*Records to process*

-------------------------

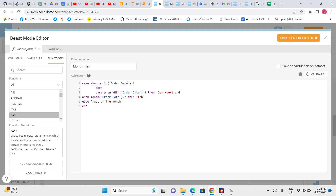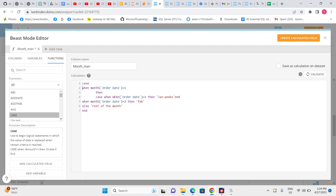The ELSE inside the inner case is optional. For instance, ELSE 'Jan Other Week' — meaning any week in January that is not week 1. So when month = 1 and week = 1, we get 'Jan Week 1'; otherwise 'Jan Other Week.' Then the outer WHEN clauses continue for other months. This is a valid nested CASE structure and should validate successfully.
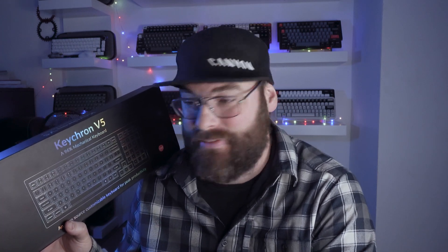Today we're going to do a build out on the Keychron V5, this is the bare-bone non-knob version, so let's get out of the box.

-------------------------

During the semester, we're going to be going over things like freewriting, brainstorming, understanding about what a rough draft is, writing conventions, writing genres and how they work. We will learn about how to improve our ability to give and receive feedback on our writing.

-------------------------

Above are records; repeat only the lines from the line with "The ELSE inside" through the line with "Today we're going", and leave pictures out.

The ELSE inside the inner case is optional. For instance, ELSE 'Jan Other Week' — meaning any week in January that is not week 1. So when month = 1 and week = 1, we get 'Jan Week 1'; otherwise 'Jan Other Week.' Then the outer WHEN clauses continue for other months. This is a valid nested CASE structure and should validate successfully.
Today we're going to do a build out on the Keychron V5, this is the bare-bone non-knob version, so let's get out of the box.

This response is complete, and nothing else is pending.